1 Temmuz 2012 Pazar

Facebook ile Yüzleşme


Bu yazı, Campaign Türkiye Blog'da yayınlanmıştır.


İnsanların akın akın Facebook’a üye olduğu zamanları hatırlıyorum. Uzun yıllar önce koptuğu ilkokul arkadaşları ile görüşenler, ilk aşkını bulanlar, eltisini ekleyenler, köpeğine hesap açanlar... Kısacası her canlı Facebook’u tattı.



O günden bu zamanlara her gün bir başka Facebook özelliği ile tanıştık. Bir anda reklam yüzü olduğumuzu fark ettik mesela. Nasıl engelleyebileceğimizi araştırdık. Sonra başka özellikler çıktı. Bazen yeniliklere dahil olmamıza dair bize de fikrimiz soruldu, genelde pek haberdar olmadık. (Facebook, yüklediğimiz bütün fotoğrafların haklarına kayıtsız şartsız sahip olan, bildiğim kadarıyla tek sosyal medya network’ü)

Markalar önce uzak durdu Facebook’tan. “Sosyal medya çoluk çocuk işi,” dediler. Sosyal medya uzmanları ayağa kalktı. Değişimin başlangıcıydı. Neyin ne kadar bilinmesi gerektiğine dair hiçbir ölçüt yoktu. Yani herkes, doğal olarak uzmandı. Ne var ki ortalık boşuna karışıyordu. Problem uzmanlarda değil, zamanlamadaydı.

Zaman geçti. Basında, bloglarda bolca sosyal medya yazıları yayınlandı. Ve bir sabah markalar, sosyal medyaya ağırlık vermeye karar verdiler. Ama öyle bir ağırlık verdiler ki, bu sefer de ezilme tehlikeleri yaşandı.

Kim daha uzağa ... yarışına dönen takipçi ve hayran sayıları, yavaş yavaş yerini interaktif iletişime bıraktı. Takipçilerin birer insan olduğu ve bir markayı sadece sevdiği için takip edeceği anlaşıldı. Yani sosyal medyanın yeni nesil halkla ilişkiler olduğu fark edildi. Dijital PR’ın ciddi ciddi konuşulması da bu döneme rastlar.

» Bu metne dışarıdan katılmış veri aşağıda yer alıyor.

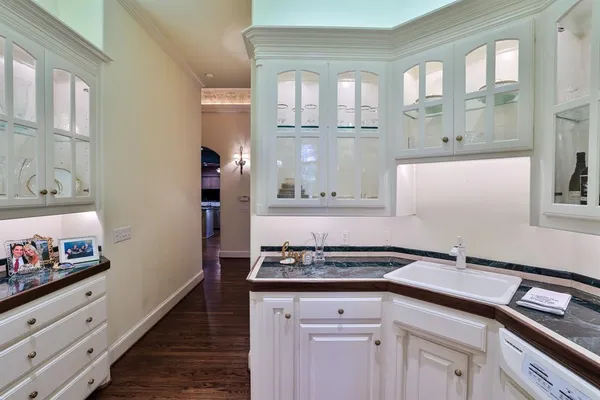 a kitchen with granite countertop a sink stove and cabinets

Diğer yanda Facebook ile sosyal ticaret konuşuluyordu. Markalar, iletişimde oldukları kişilerin ayaklarının alıştığı Facebook’a bir dükkan daha açmayı mantıklı buldu. F-dükkanlar açıldı, esnaf oturup kapısının önünde FarmVille oynamaya başladı. Sonra kepenkler tek tek indi, inmeye de devam ediyor.

Bu arada Facebook halka arz edildi. Düşünülenden biraz daha düşük performans ile devam etti. GM, Facebook’tan reklam bütçesini çekti. Bu arada bu hikayede bunun ne işi var bilmiyorum ama, Zuckerberg dünya evine girdi.

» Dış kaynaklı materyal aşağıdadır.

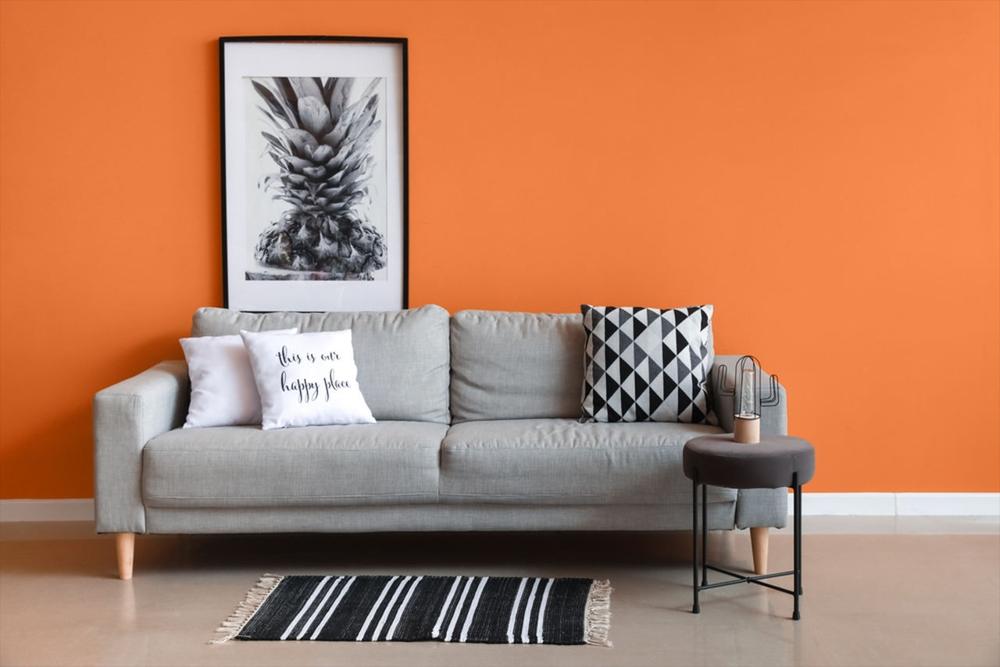 مبل خاکستری روشن و دیوار نارنجی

Derken markalar, binbir emekle bir araya getirip iletişimi devam ettirdikleri hayranlara seslenemez oldular. Yarışma yapmak yasak, indirim duyurmak yasak, “bizi like edin” görseli kullanmak yasak derken; mecbur reklam işlerine girişildi. Aradan zaman geçti. Analizler ile yüzleşmeye hazır yönetimler, Facebook kaynaklı dönüşüm ve sepet büyüklüklerine baktılar. Bakakaldılar.

Bir gün, her post’un altına erişimini gösteren bir bölüm eklendi. Reklam yapmadan iletişim kurmaya harcanan emek sorgulanmaya başlandı.

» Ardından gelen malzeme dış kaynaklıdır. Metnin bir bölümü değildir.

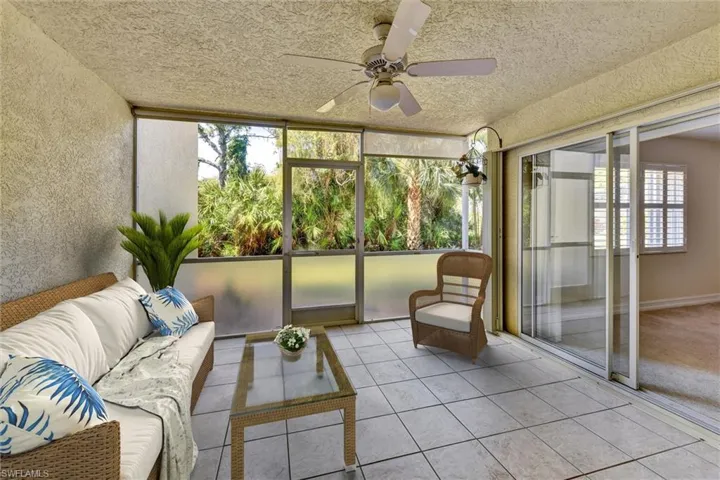 View of Lanai Sunroom. Virtually Staged.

En ilginci de, Facebook grupları Facebook üyesi olmayanların erişimine kapatıldı. Facebook, küçükken evimize misafirliğe gelip akşama kadar inatla en sevdiğimiz oyuncaklarla oynayan çocuk gibi davranmaya başladı. “Ne de olsa senin oyuncağın, sen hep oynarsın,” dedi ama o iş öyle olmadı.

Bu hikâye nereye gidiyor, birlikte göreceğiz. Elbette düşüncelerim var ama zaman en iyi cevap değil mi sizce de?

1 yorum:

ulviye dedi ki...

...ama o çocuğa hep uyuz olunurdu :)hatta al o oyuncak senin olsun babam bana yenisini alır denilir ve çocuk evden bir daha dönmemek üzere uzaklaştırılırdı:P insanlar Facebook'tan da bir gün sıkılacak, başka oyuncaklar bulacak ve insanların eğilimleriyle birlikte şirketler de yönlerini değiştirecek başka sitelerde kepenklerini açacaklar.

Ama yine de bekleyip görmek de yarar var.